Elon Musk is harboring a “dangerous illusion” that a colony can be established on Mars, the Astronomer Royal has warned.
Professor Lord Martin Rees, who is also co-founder of the Center for the Study of Emission Risk at the University of Cambridge, said that it would be easier to find a solution to climate change on Earth than to try to escape to another planet.
Speaking on Lord Speaker’s Corner, the House of Lords podcast, Lord Rees said travel to other planets should be left to private pioneers and not the target of national governments.
He described Musk as an “extraordinary figure” with a “quite strange personality”, but said he did not agree with his plan to build a city on Mars.
“I don’t agree with him on that. I think there might be a few crazy pioneers living on Mars, just like there are people living at the South Pole, although it’s a lot less hospitable than the South Pole,” he said.
“But the idea of mass migration to avoid Earth’s problems is a dangerous illusion, which he and some other space enthusiasts accept.
“I don’t think it’s realistic and we have to solve those problems here in the world. Dealing with climate change on Earth pales in comparison to making Mars habitable. So I don’t think we should use that as a long-term aim at all.”
In 2016, Musk announced plans to build a settlement on Mars and said he hoped to make humans a multi-plant species.
The long-term goal of his company SpaceX is to design rockets and spacecraft that can land on and take off from the surface of other planets.
The company recently successfully orbited Starship, the vessel that will return humans to the Moon and beyond.
At the latest launch, SpaceX said Starship would make many trips in the future bringing materials and equipment to Mars to start a city.
Musk has said he believes Mars could be a “backup drive” for humanity in the event of catastrophic global warming, an asteroid strike or nuclear winter, and he believes nuclear weapons could warm the planet.
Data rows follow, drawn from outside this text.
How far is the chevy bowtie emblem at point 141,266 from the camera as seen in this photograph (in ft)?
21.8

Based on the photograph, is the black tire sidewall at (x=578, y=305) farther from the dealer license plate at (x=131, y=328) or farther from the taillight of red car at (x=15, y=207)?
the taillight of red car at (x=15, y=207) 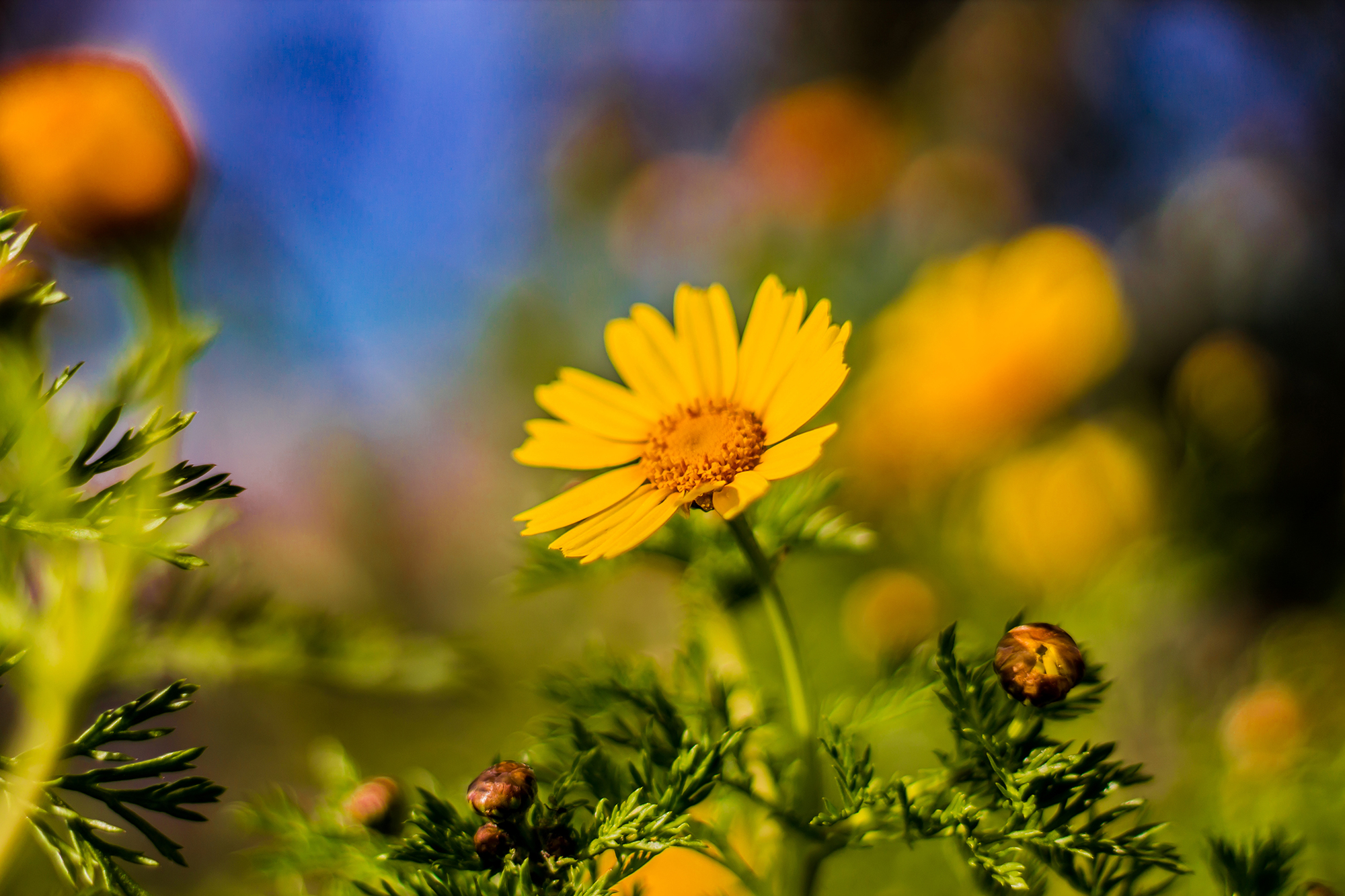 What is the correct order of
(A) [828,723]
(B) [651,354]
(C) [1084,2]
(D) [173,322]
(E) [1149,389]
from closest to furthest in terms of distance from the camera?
(A) [828,723] → (B) [651,354] → (D) [173,322] → (E) [1149,389] → (C) [1084,2]

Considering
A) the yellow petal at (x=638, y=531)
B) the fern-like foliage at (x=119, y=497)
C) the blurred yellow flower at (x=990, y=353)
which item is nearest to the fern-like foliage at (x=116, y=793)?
the fern-like foliage at (x=119, y=497)

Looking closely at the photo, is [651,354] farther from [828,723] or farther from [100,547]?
[100,547]

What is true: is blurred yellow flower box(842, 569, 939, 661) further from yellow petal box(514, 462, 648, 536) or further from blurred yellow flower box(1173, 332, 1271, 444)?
yellow petal box(514, 462, 648, 536)

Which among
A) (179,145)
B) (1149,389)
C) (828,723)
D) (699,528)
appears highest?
(1149,389)

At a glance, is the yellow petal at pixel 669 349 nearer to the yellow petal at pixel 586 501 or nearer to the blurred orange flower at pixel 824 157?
the yellow petal at pixel 586 501

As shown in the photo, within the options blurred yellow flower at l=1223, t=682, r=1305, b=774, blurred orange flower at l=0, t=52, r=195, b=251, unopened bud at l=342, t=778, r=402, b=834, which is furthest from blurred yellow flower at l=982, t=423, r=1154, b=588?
blurred orange flower at l=0, t=52, r=195, b=251

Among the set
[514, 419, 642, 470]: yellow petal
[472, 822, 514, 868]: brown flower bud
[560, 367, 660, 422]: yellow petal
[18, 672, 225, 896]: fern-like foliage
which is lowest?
[18, 672, 225, 896]: fern-like foliage

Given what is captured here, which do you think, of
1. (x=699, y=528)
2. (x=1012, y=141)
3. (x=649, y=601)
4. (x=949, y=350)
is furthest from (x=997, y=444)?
(x=1012, y=141)

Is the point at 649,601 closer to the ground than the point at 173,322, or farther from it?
farther from it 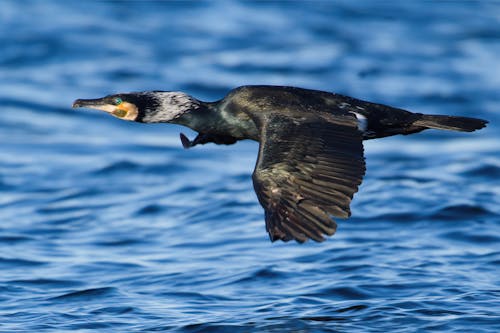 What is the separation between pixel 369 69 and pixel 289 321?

Lord Rees said: “It has done a much better job than the big conglomerates that used to work for NASA to produce efficient, reusable rockets, which will make it cheaper to launch things into space and it will be more possible to get some. engineering done in space and even solar energy collected from space.
“My line on human spaceflight is that it should not be publicly funded, certainly not by government agencies because they have to be very safety conscious and therefore very expensive.
“Robots can do all the practical things, assemble large structures in space and explore the surface of Mars and all that. If people want to fly into space as an adventure, then maybe they can get support from sponsorship or billionaires.
“We know that Messrs. Musk and Bezos are spending billions on space exploration and maybe they could send the type of people, adventurers willing to accept a very high risk and therefore send much cheaper.
“So my line is that robots should do all the practical things and only people who are willing to take risks should go into space, and they should get private funding, not from the rest we.”
Lord Rees also said he was deeply concerned by the prospect of engineering a deadly virus in a laboratory through gain-of-function research that seeks to increase a pathogen’s potency.
Although he said he believes humans will survive into the 21st century, he added: “Maybe we’ll get to the stage where some biologist can, as it were, play God at the kitchen table and to make some new version of a virus, which is very big. , very dangerous.
“Covid-19 has spread throughout the world as we know it, and even worse in my opinion, there is the possibility that people with bad intentions could engineer more dangerous viruses as possible through a technique called gain function of making viruses softer and more transmissible than the natural one. vary.
“And if that can be done and that leaks out through error or design, that could create pandemics even worse than natural ones.”
He called for better regulation and surveillance of laboratory experiments.
“I think the only way we can make ourselves adequately safe against a potential mega-disaster of an engineered pandemic is by adopting more intrusive surveillance than we’ve had to adopt until this,” he said.